Legendary Ability * concentration: One ability of yours increases to 30.



This would be the first thing I would take on my Int 8 Fighter. And I would have moments of brilliance.

Glukeose
Jun 6, 2014

Tiny Chalupa posted:

Maybe someone who has combed through 5th ed more than I have can point out to me whats up with Warlocks?

I am not getting the appeal of them as a class. Less spells per encounter, but get them back after a short rest is nifty, less they can do with the spells but can get familiars or some extra spells from the person they made the pact with.
Basically...why them and not a sorcerer or a wizard in its place?

I have a warlock in my group right now actually. We just concluded our first game of 5e today and it went pretty well. The Warlock so far seems to bring a decent mix of martial and magic ability to the field, and his spells recharge fairly quickly so he isn't weighed down by having to be too selective of what to use. Flavor and narrative-wise, the warlock is a quirky and interesting class, and it was really enjoyable to play up the warlock's relation to his Elder God patron of Madness, who induces hallucinations and constantly niggles at him to pull pranks on people.

As an Elder God devotee, he gets some interesting spells and poo poo too.

opulent fountain
Aug 13, 2007

Tiny Chalupa posted:

Maybe someone who has combed through 5th ed more than I have can point out to me whats up with Warlocks?

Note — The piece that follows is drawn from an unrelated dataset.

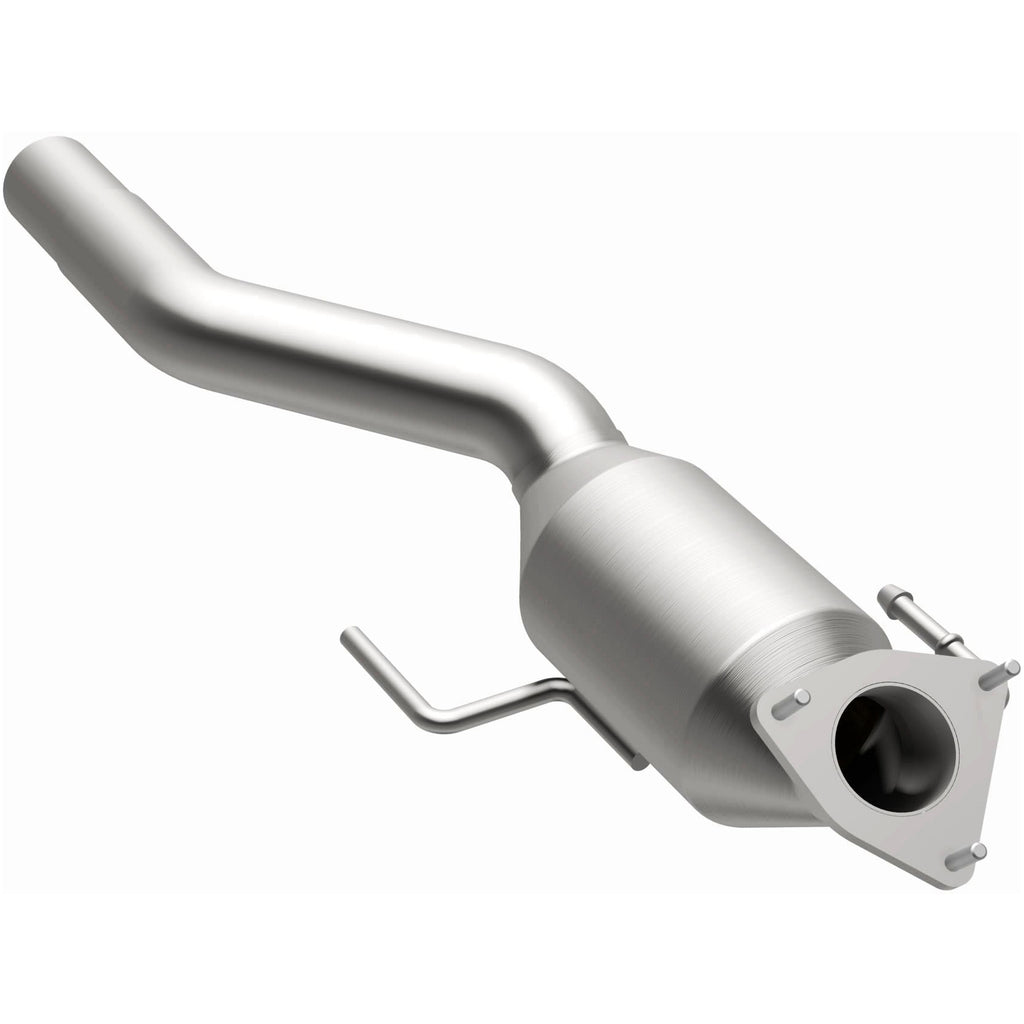 MagnaFlow Exhaust Products 24185 HM Grade Direct-Fit Catalytic Converter for Select Volkswagen Touareg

I am not getting the appeal of them as a class. Less spells per encounter, but get them back after a short rest is nifty, less they can do with the spells but can get familiars or some extra spells from the person they made the pact with.
Basically...why them and not a sorcerer or a wizard in its place?

Someone else said to basically think of them like a reflavored martial class/gish. They mostly just throw blasts, but they have a few spell slots at their disposal.

If your question is "why them and not a sorcerer or wizard", then you can ask that about every class that isn't a sorcerer or wizard.

Toph Bei Fong
Feb 29, 2008



dichloroisocyanuric posted:

So you might say... It's up to the DM?

As a Rolemaster guy, I can honestly say this is the absolute worst part of that system. Spread across 7 Companions, a couple other supplementary books, and even some parts of Character Law/Spell Law/Arms Law itself, are a cubic fuckton of "Optional Rules" governing everything from stat generation, race choices, degree of skill granulation, spell acquisition, weapon initiative modifiers, etc.

It makes it so the game is basically impossible to play outside of your home table, because while the underlying "system" being used is the same (Roll d100, add modifiers, look it up on a chart), the game mechanics themselves vary wildly. A character who is completely legal at one table will be illegal at another. One will rely on a set of rules and assumptions that won't be used at another. Some will utterly break other peoples play styles (I've seen groups that just never, ever parry for some reason, and are curious why they never seem to have character live past 5th level). Old D&D could be this way, sure, but in Rolemaster if had actual printed and company endorsed support.

This can be a slippery slope, if they start actually publishing optional rules that contradict other optional rules.

opulent fountain
Aug 13, 2007

Spoilers Below posted:

As a Rolemaster guy, I can honestly say this is the absolute worst part of that system. Spread across 7 Companions, a couple other supplementary books, and even some parts of Character Law/Spell Law/Arms Law itself, are a cubic fuckton of "Optional Rules" governing everything from stat generation, race choices, degree of skill granulation, spell acquisition, weapon initiative modifiers, etc.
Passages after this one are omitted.